Hindenburg Research now claims, citing a former Supermicro employee, that the company later rehired or employed several of the people responsible at the time. For example, Howard Hideshima has been working again as a consultant for the Taiwanese company Ablecom since May 2023, which is managed by Jian-Fa Liang, a brother of Supermicro CEO Charles Liang.

Hindenburg Research also criticizes that the Liang family has built up an opaque corporate network. However, it has been known for many years that Ablecom, for example, manufactures power supply units and essentially supplies them to Supermicro.

Another supplier is the Taiwanese company Compuware Technology, run by Jian-Da Liang, another brother of Carles Liang. As representatives of their respective companies, his two brothers also sit on the supervisory board of the Taiwanese company Leadtek, which in turn also sells workstations and servers with Supermicro mainboards under the WinFast brand.

However, it is not only common in the IT sector for larger companies to buy relevant shares in important suppliers or take them over completely. It is also not uncommon for companies to invest in important customers of their products, for example to boost sales in certain countries, regions or sectors. Without evidence of specific misconduct in the business relationship between the companies involved, the allegations can neither be verified nor classified.

Nvidia CEO Jensen Huang with Supermicro CEO Charles Liang at Computex 2024.

(Image: YouTube/Supermicro)

At Computex 2024, Supermicro CEO Charles Liang held out the prospect of huge growth rates, particularly for water-cooled (Direct Liquid Cooled, DLC) AI servers. Supermicro had developed a water cooling system for this purpose.

Hindenburg Research now criticizes that the water cooling technology does not come from Supermicro itself, but from Ablecom, and proves this with the US patent US-11942397-B2. On the other hand, Hindenburg Research accuses Supermicro of having (too) close ties with Ablecom – This argument is not conclusive.

Other server manufacturers also market cooling systems and other components as in-house technology, even though they have developed them together with suppliers or simply buy them in.
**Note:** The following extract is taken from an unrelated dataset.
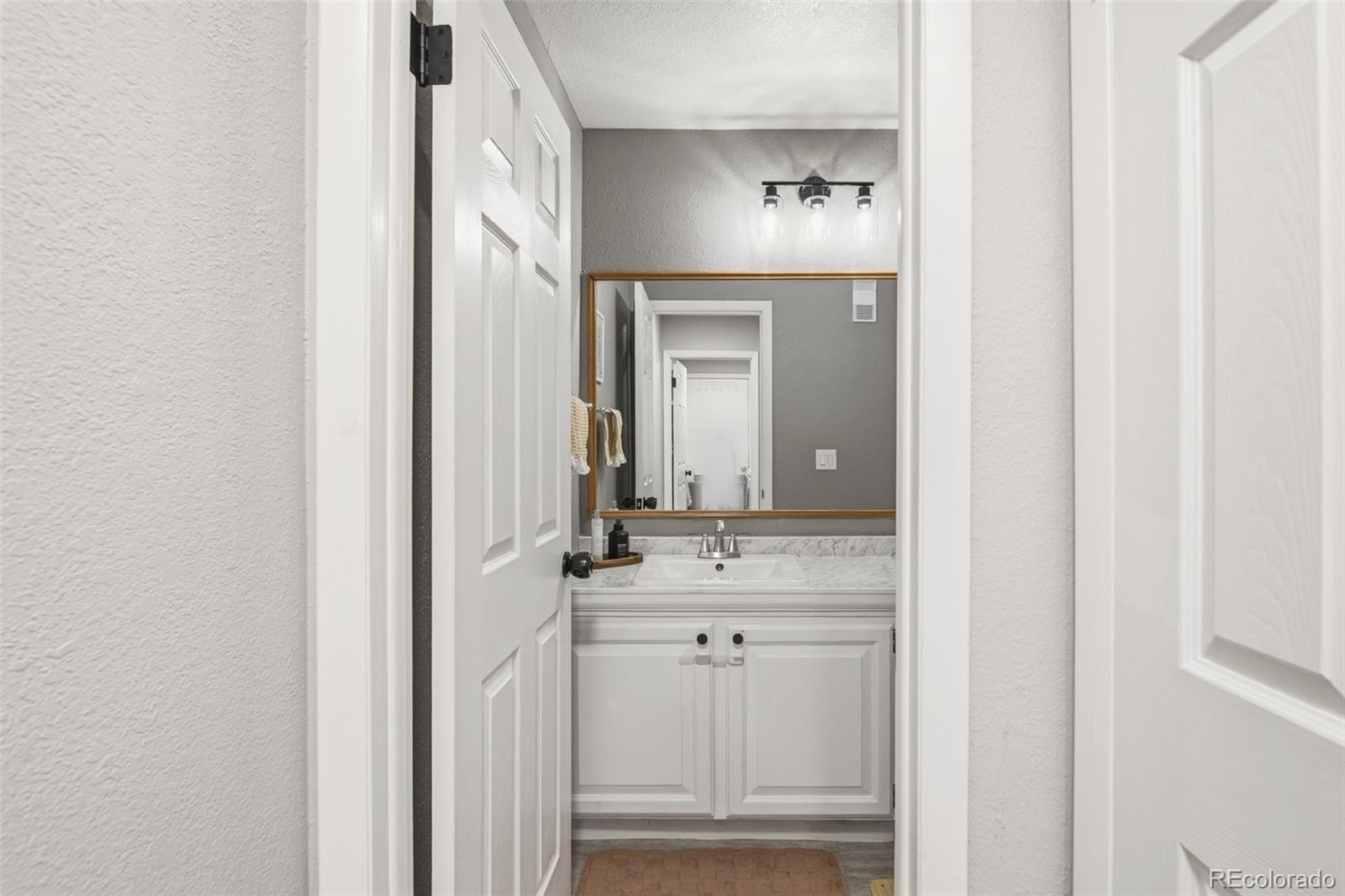 MLS Image #8 for 10432 w florida avenue,lakewood, Colorado
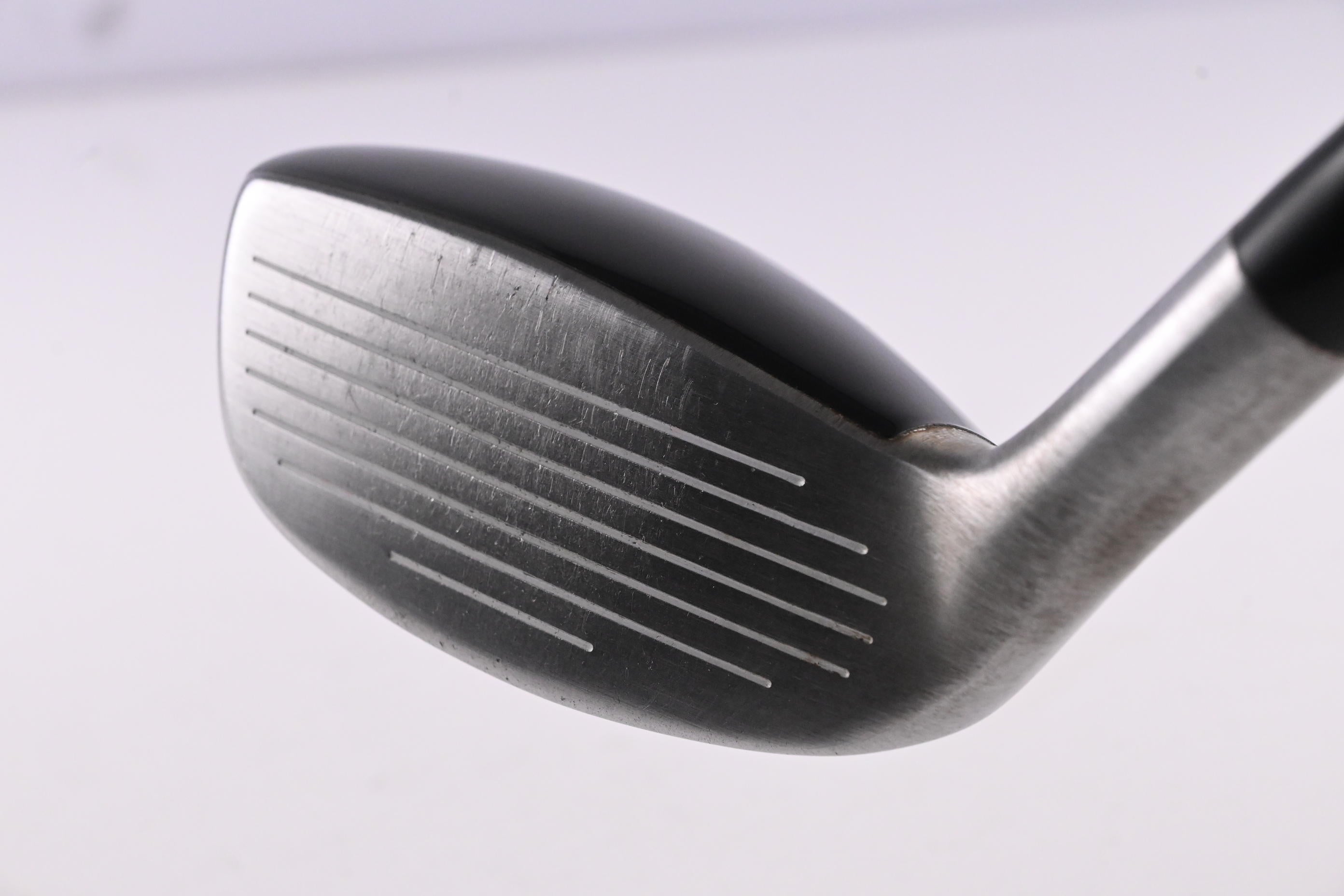 Titleist 585.H #3 Hybrid / 19 Degree / Stiff Flex Aldila NV 85 Shaft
This also applies to other areas of IT technology: the 3D V-Cache of AMD Ryzen processors with the additional designation X3D is essentially based on chip-on-wafer (CoW) packaging technology from contract manufacturer TSMC. Apple's chip-to-chip interconnect "UltraFusion" in turn uses TSMC's Integrated Fan-Out (InFO_LI). The automotive industry provides many more examples of such acquisitions; even the development is largely outsourced to service providers.

In 2018, Bloomberg claimed that espionage chips had been discovered on Supermicro server mainboards. These allegations have not yet been fully clarified. Bloomberg later failed to provide a detailed explanation of how the alleged spy chips worked, i.e. which data or data lines they could access and how they forwarded this data. As expected, Supermicro denies the allegations, but other industry experts also consider them to be inconclusive.

So all that is clear at present is that Supermicro violated US Securities and Exchange Commission rules from 2015 to 2017 and that there were further allegations in 2018 and 2024. However, it is also clear that a lot of money can be made even with strongly fluctuating share prices. This example shows that investors should be very careful if they also want to benefit from the current boom in AI shares.